The fuel elements are for Training, Research, Isotopes, General Atomics (TRIGA) reactors, which were designed in part by nuclear physicist Edward Teller and mathematician and physicist Freeman Dyson. They are pool-type reactors, which don’t require the kind of containment needed for large commercial nuclear power plants. Several TRIGA reactors are still operated by U.S. universities, government entities, and private companies.
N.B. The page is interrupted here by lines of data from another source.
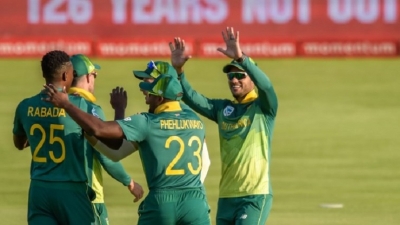 Rabada hits 150 km/h to steer South Africa to victory over Sri Lanka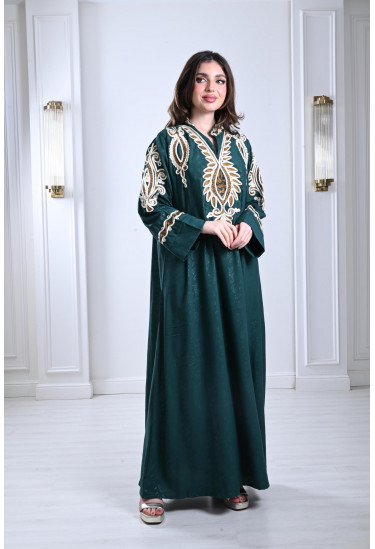 جلابية طويلة بتطريز أنيق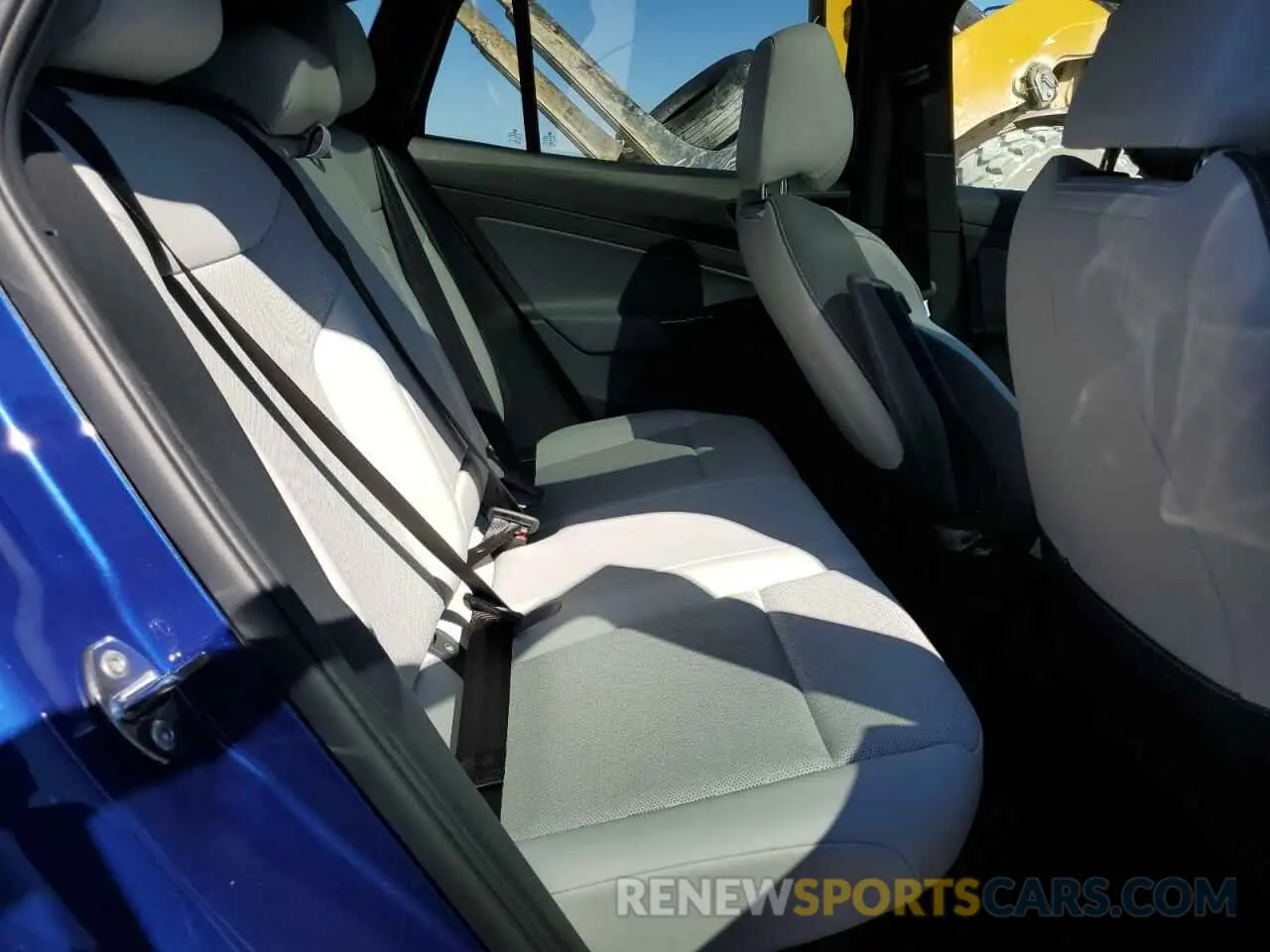 11 fotografías del automóvil dañado WVGUNPE29NP071844 VOLKSWAGEN ID.4 PRO S 2022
The TRIGA reactor at UT’s Nuclear Engineering Teaching Laboratory reached initial criticality in 1992 with a licensed power limit of 1.1 megawatt. The facility supports education, research, and other work through elemental analysis, neutron research, and isotope production. In a typical year, the laboratory analyzes 1,000 to 2,000 samples and completes two dozen isotope shipments for other organizations. The UT nuclear program includes hands-on courses using the reactor, and has granted 69 doctoral and 122 master’s degrees since 1997.

The USGS’s 1-megawatt TRIGA reactor has irradiated nearly half a million rock, mineral, plant, and animal specimen samples to determine their elemental compositions since the reactor first went online in 1969.

Last year, EM, Fluor Idaho, and DOE’s Office of Nuclear Energy worked together to provide TRIGA fuel elements for a University of Maryland research reactor.